[Excerpts from a dataset]
= Beginning of Section =

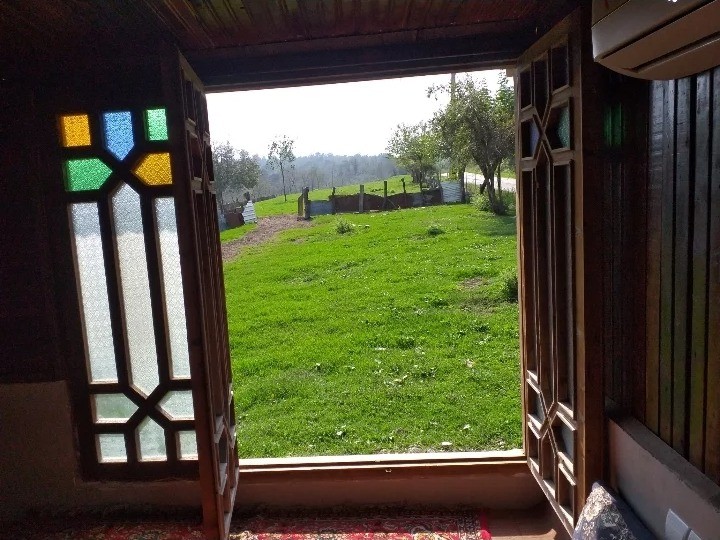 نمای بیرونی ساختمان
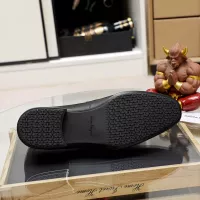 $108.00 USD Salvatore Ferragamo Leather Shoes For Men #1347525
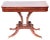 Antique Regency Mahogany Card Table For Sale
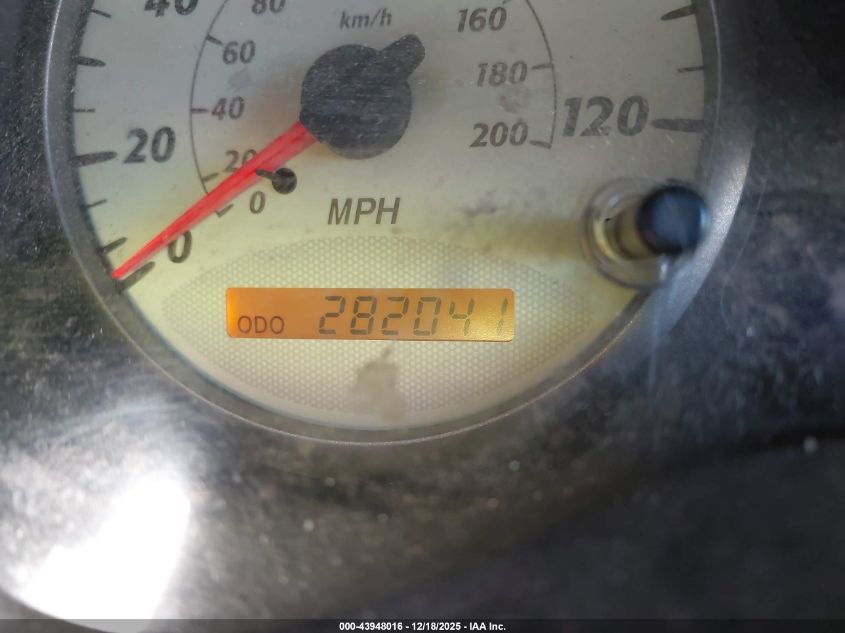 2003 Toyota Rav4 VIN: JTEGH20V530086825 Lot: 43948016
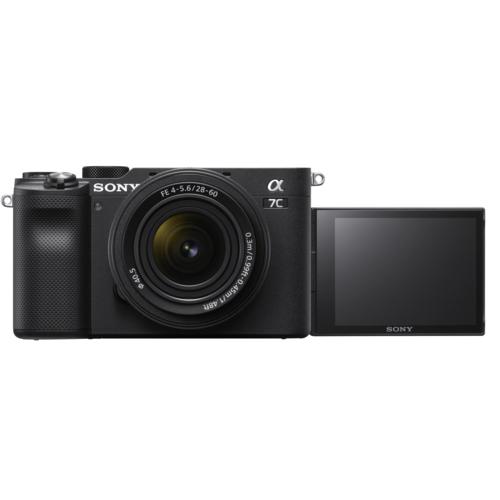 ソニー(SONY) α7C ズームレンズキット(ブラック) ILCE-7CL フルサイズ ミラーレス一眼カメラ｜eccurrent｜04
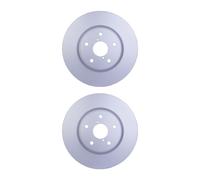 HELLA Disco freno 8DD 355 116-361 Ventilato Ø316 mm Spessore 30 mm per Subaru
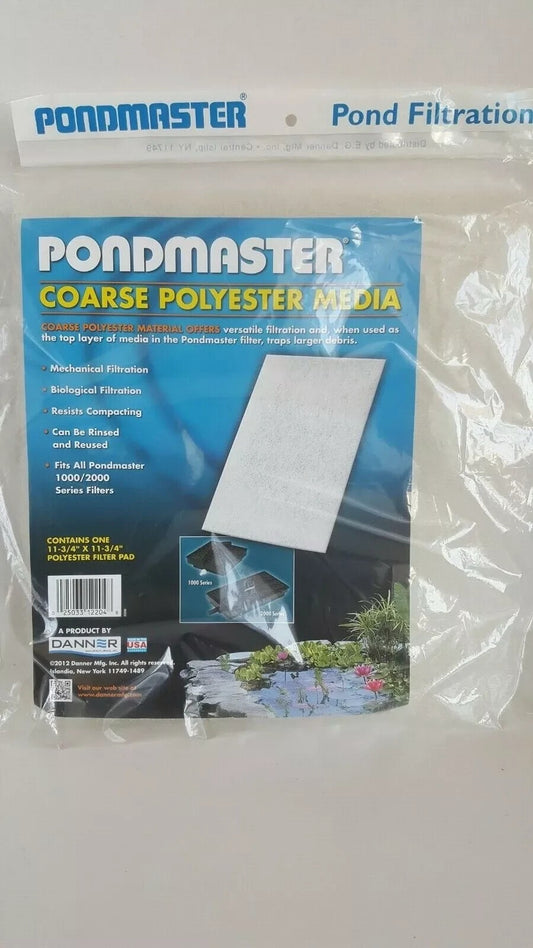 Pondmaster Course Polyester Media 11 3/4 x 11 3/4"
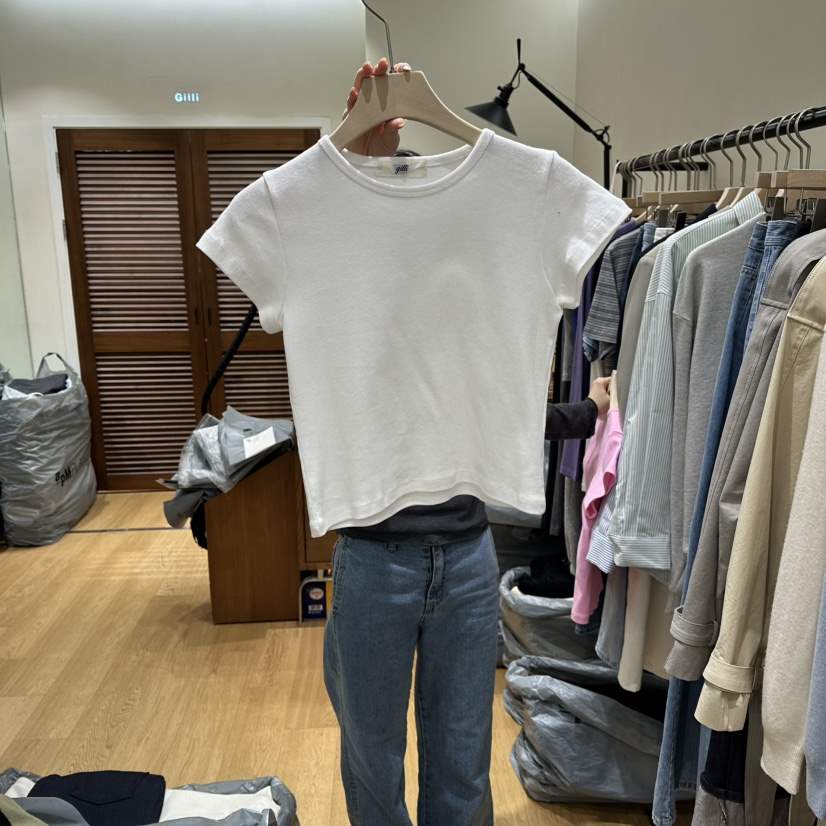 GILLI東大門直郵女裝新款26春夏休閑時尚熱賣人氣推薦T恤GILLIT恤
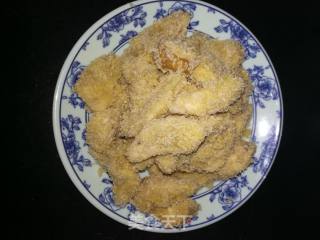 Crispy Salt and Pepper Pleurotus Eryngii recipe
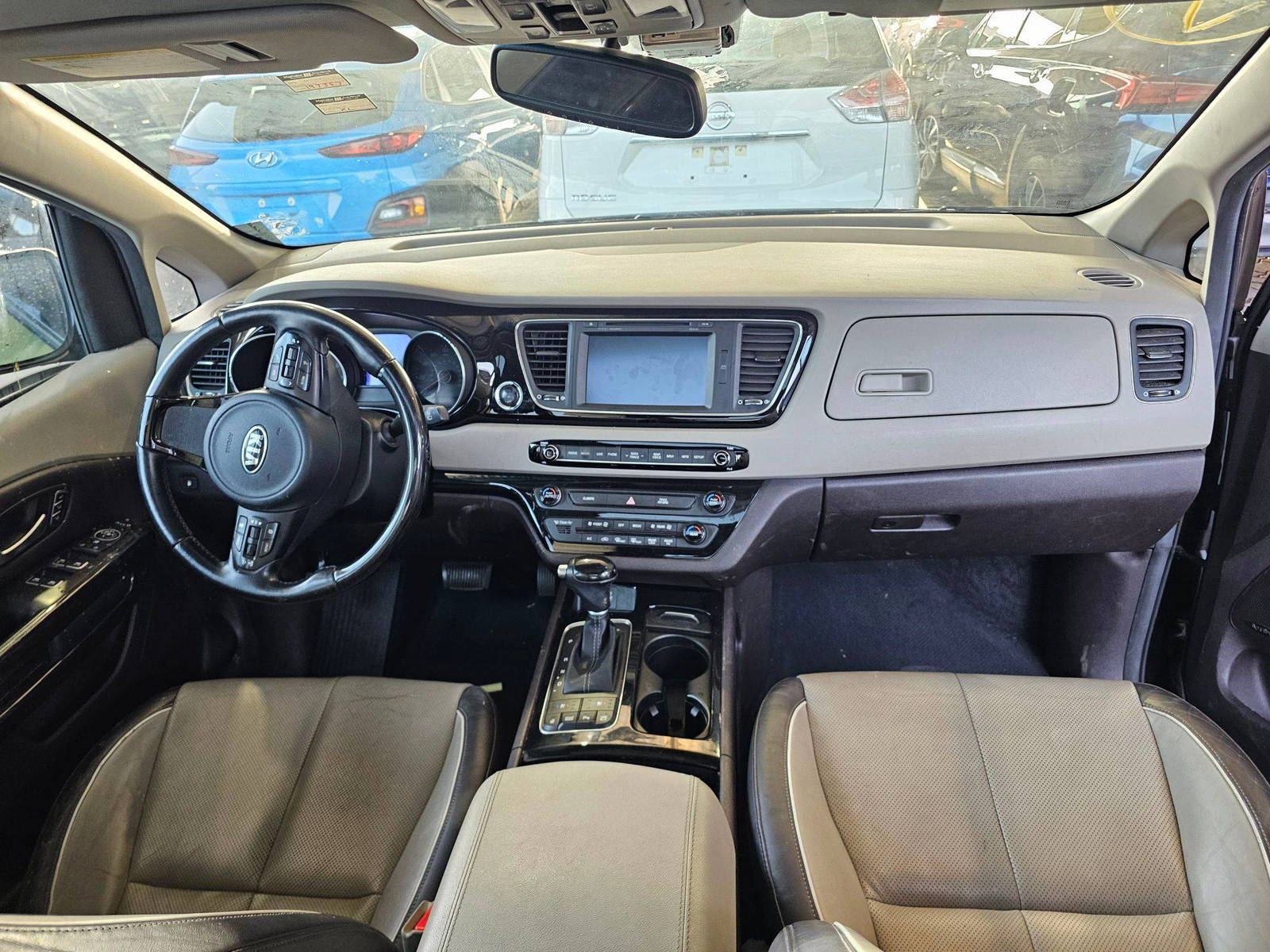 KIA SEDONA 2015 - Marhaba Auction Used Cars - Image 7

= End of Section =

- TASK PROMPT
Transcribe exactly the span of lines that opens with the line holding "GILLI東大門直郵女裝新款26春夏休閑時尚熱賣人氣推薦T恤GILLIT恤" and closes with the last line of the entries above. Omit pictures.

- ANSWER SPACE
 GILLI東大門直郵女裝新款26春夏休閑時尚熱賣人氣推薦T恤GILLIT恤
 Crispy Salt and Pepper Pleurotus Eryngii recipe
 KIA SEDONA 2015 - Marhaba Auction Used Cars - Image 7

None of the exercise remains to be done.